Besides working in third countries together like Mongolia, they trade with each other as well. China is India’s largest trading partner. In 2014-15, the volume of trade between these two ancient nations was $72.3 billion. India exported $11.9 billion worth of goods and services to the Middle Kingdom and imported $60.4 billion worth.

According to Globalist, a website, by 2050, the Indian economy is expected to surpass both the US and Chinese economies. Is it possible? Maybe, and maybe not. But what is clear is this: These two Asian giants have been cooperating with each other for shared prosperity, while trying to contain each other’s strategic heft.

Apart from trading, these two nations work together in international forums in a number of areas, including global economic governance, technology transfer, pro-growth policies, and so on.

They want a greater say of developing countries in such global organizations  as the International Monetary Fund, the World Bank and others. Both want the developed countries to be generous with developing countries in transferring technology to tackle the multiple problems facing the world. In global forums, these two nations often band together, as it has been happening in the Doha round of trade negotiations, environmental dialogues, and patent rights administration.

China and India have pursued pro-growth policies and put pressure on the developed countries not to constrain developing countries with too many environmental and other standards to stifle their growth. That was clear during the Paris negotiation on the environment. At the United Nations, both countries actively pursue such policies in the G-77.

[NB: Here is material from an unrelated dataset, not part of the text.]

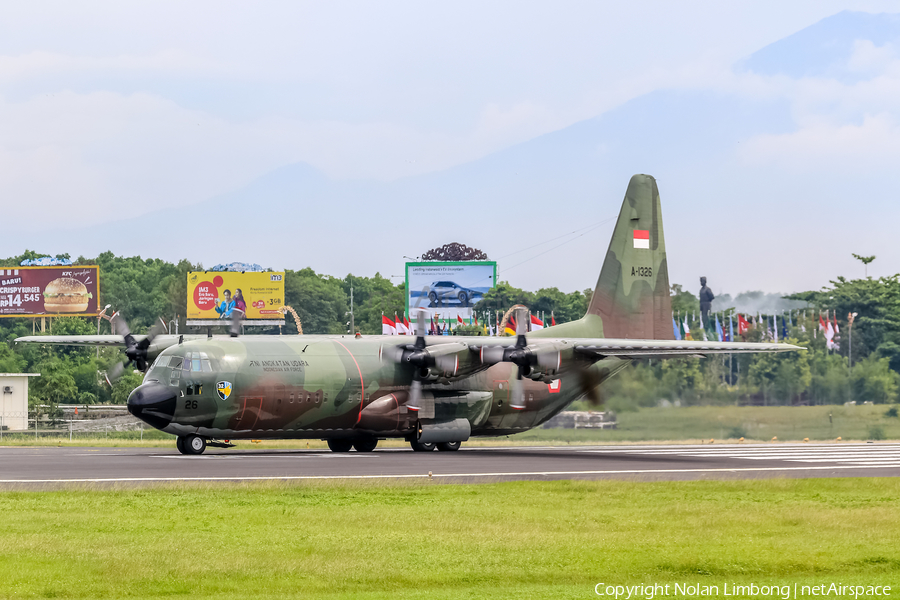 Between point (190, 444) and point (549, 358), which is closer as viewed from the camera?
point (190, 444)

While their cooperation is more subtle, their rivalry and competition is more palpable. These ancient countries compete for markets within the region and across the world. Though China has moved far ahead in this area, India is also following its next door neighbour’s footsteps.

For instance, now it is common to see both Chinese and Indian fabrics and clothes sold in Western and African markets. Indian and Chinese vehicles have become a common sights in such far away places.

Indian-Chinese rivalry is fiercest in the strategic sphere and is mostly confined to Asia. They fought a deadly war in 1963 and New Delhi has consistently blamed China for supporting the Indian Maoists to create havoc in many rural areas. Though now their relations have considerably improved, they are far from close.

Both continue to maintain a high military presence  — equipment and forces — in their shared borders — east and west of Nepal. Weary of each other, they use soft and hard power to influence their immediate neighbors and make them uncomfortable. At times, they have also resorted to military intervention.

Let me start with South Asia. India is losing its traditionally most influential role in the region to China, bit by bit. For intance, ever since its partition from India, Pakistan has largely remained in a state of war and low intensity war with its mother nation — they have fought three wars and continue to have low intensity conflict over Kashmir and disputed borders.

India lost its considerable leverage in Colombo when the former President Rajapaksya, with Chinese assistance, crushed in 2009 the 3-decade long Tamil insurgency, which had the blessings from parts and sections of India. Though Rajapakshya was defeated in the ensuing elections, Sri Lanka has moved considerably out of Indian shadow.

In Bangladesh, the pro-Indian Shekh Hashina Wazed and the nationalist Khaleda Zia, who has sympathy and support of Beijing, have alternated in power as prime ministers for last several years. India does not enjoy the same influence now in Afghanistan as it used to before the western attack on the Pakistan-supported Taleban and Al-Qaida operatives, who had planned and executed terrorist attacks on the United States on 9/11.

Nepal has had the history of love-hate relations with India. India views Nepal as its soft belly, security-wise. While Kashmiri separatists and Pakistan-supported terrorists have occasionally used Nepal as their transit country, India fears that any pro-Chinese leaning in its northern neighbor would hurt its security and economic interest.

Even the Maldives and Bhutan, which were traditionally very close to India, have been making efforts to attenuate the Indian influence in their countries. Jigme Thinlay, when he was prime minister of Bhutan, had sought to enhance his country’s  closeness by getting with China over Indian apprehension. New Delhi had subsequently played a role in defeating Thiney in the general election.

In South East Asia, India has lost ground to China in Myanmar. In Africa, China has chipped away the Indian influence through its massive investment in infrastructure development and penetration of Chinese goods and services there.

However, it is not a one way street. While India is steadily losing its influence in South Asia and Africa, it has gained some foothold in East and South East Asia, where China enjoys a dominant place in economic and security spheres. The main triggering factors have been the encouragement from Washington and the established Chinese claim of several islands the China Sea that threatens the integrity of countries standing on the wrong side of the claim.

India is working closely with Japan, the Philippines, and Vietnam. India has participated in the US initiative to support these countries that do not have warm relations already and that have territorial dispute with Beijing.

Elsewhere, China is whittling away Indian political and economic influence. For instance, in the Middle East and Africa, Chinese presence and investment have won many countries over to its side, often at the cost of India, a dominant player in the region.

In the security sphere, Sino-Indian contest was limited to the immediate region until the United States began to involve India in the Pacific strategic corridor. China helped Pakistan to keep India engaged within the region, and not look beyond, and sought to catch up with the United States. India sought to keep up with China.  But to contain China, India is eager to participate within a broad alliance in view of its border disputes in broad stretches of the border east and west of Nepal.

The collaboration between the Chinese and Indian companies in Mongolia was only a tip of the iceberg of the economic cooperation and competition between these two ancient countries.